In der Speisewertprüfung werden Fleischfarbe, Farbreinheit, Festigkeit, Geruch und Geschmack bewertet und anschließend wird eine Gesamtnote zwischen 1 (sehr gut) und 5 (schlecht) vergeben. Alle Werte sind mit Vorsicht zu interpretieren, da nicht mit geschulten Testessern gearbeitet wird. Allerdings soll der Geschmack des Verbrauchers getroffen werden. Über eine Vielzahl an Testern und Jahren kann man einen ganz guten Eindruck der Sorten bekommen. Vorliegende Ergebnisse der vielen neueren Sorten sind aber überwiegend einjährig. Besonders gut schmecken die Sorten Bropanna (2,4), Isabelia (2,0), Marion (2,4), Vindika (2,3), Nola (2,1) und Jule (2,4). Bisher eher schlechter abgeschnitten haben die Sorten Mascha (3,3), Franca (3,3), Celebration (3,3), LunaRossa (3,4), Muse (3,4), Juventa (3,4), Noblesse (3,4) und Sound (3,6).


Ertragsleistungen zur Haupternte

An den Versuchsstandorten konnte zum Teil beregnet werden, wie in Viersen, oder der Grundwasserspiegel ist relativ hoch, wie in Gütersloh der Fall. Für alle Standorte wurden die Kartoffeln für die Sortenversuche zentral in Auweiler vorgekeimt. Die Erträge fielen in diesem Jahr in Viersen etwas geringer und in Gütersloh ungefähr genauso hoch aus wie 2022. Im Mittel der Standard- und Vergleichssorten im sf/f-Block wurde ein Rohertrag von 392 dt/ha in Viersen erreicht. Im mittelfrühen Block waren es im Mittel der Standardsorten am Standort VIE 453 dt/ha. Das waren -28 und -30 dt/ha weniger als im Jahr 2022 (-6,6 bis -6,1 %). In Gütersloh erreichten die Standardsorten ein Mittel von 252 und 254 dt/ha (sf/f und mf), das waren +17 dt/ha (sf/f) mehr und 1 dt/ha weniger (mf) als 2022 (+7,4 und -0,9 %). Die Untergrößen lagen im Mittel mit 1,6 und 0,6 % (sf/f und mf) in Viersen gering und mit 16,4 und 8,9 % (sf/f und mf) in Gütersloh etwas höher. Übergrößen gab es in Viersen 2023 bei den späteren Sorten etwas mehr (11,8 und 22,6 % sf/f und mf). In Gütersloh war der Anteil Übergrößen geringer (1,0 und 4,4 % bei sf/f und mf).

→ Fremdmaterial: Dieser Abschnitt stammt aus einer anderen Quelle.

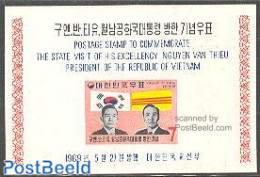 Korea, South 1969 Nguyen Van Thieu Visit S/s, Mint NH, History - Flags - Politicians - Corea Del Sur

Die Stärkegehalte waren mit 12,7 und 13,1 % in Viersen gleichbleibend sowie mit 13,4 und 13,6 % (sf/f und mf) in Gütersloh etwas niedriger als im Jahr zuvor. Die Roherträge der Kartoffelsorten lagen zwischen 179 dt/ha (Sorte Belana in GT) und 546 dt/ha (Sorte Levante in VIE) bei der Endernte. Deutlich über 100 % Marktertrag erzielten am Standort Viersen die Sorten Franca (111 %), Marion (126 %), Oscar (130 %), Vindika (131 %), Nola (122 %), Taormina (111 %), Sound (113 %) und Levante (121 %) sowie am Standort Gütersloh die Sorten Adorata (138 %), Anuschka (113 %), Lea (125 %), Mikado (139 %), Jasmina (114 %), Polly (125 %), Nemo (114 %), Nena (110 %), Taormina (117 %) und Sound (159 %). Deutlich unter dem durchschnittlichen Marktertrag lagen am Standort Viersen die Sorten Celebration (67 %) und Herbstgold (75 %) sowie am Standort Gütersloh die Sorten Belana (64 %), Franca (76 %), ERA 13-1422 (56 %), Nola (79 %), Jule (78%) und Sevilla (75 %).

Ergebnisse der Knollenbonituren

Bei den Knollenqualitäten fiel 2023 am Standort Viersen vor allem der Befall mit Drahtwurm auf. Im Mittel waren 98 % aller untersuchten Knollen mit mindestens einem Loch befallen. Außerdem trat zudem stärkerer Drycore-Befall mit im Mittel 33 % aller Knollen auf, vor allem bei den Sorten Franca 75 %, Celebration 73 % und Ayla 61 %. Ein paar durch Rhizoctonia deformierte Knollen waren bei einigen Sorten zu finden: Nola 12 %, Celebration 16 %, Polly 15 %, Ayla 21 % und Sevilla 25 %. In Gütersloh wurden in diesem Jahr vor allem höhere Schorfwerte bei im Mittel 30 % aller Knollen beobachtet, vor allem die Sorten Oscar (55 %), Darling (54 %), Polly (53 %), Nena (74 %), Merle (52 %) und Levante (66 %) waren befallen. Außerdem wurden höhere Rhizoctonia deformierte Knollen bonitiert - im Mittel 20 % der Knollen -, vor allem bei den Sorten Lea (53 %), Franca (48 %), Nola (64 %), Nemo (41 %) und Ayla (64 %).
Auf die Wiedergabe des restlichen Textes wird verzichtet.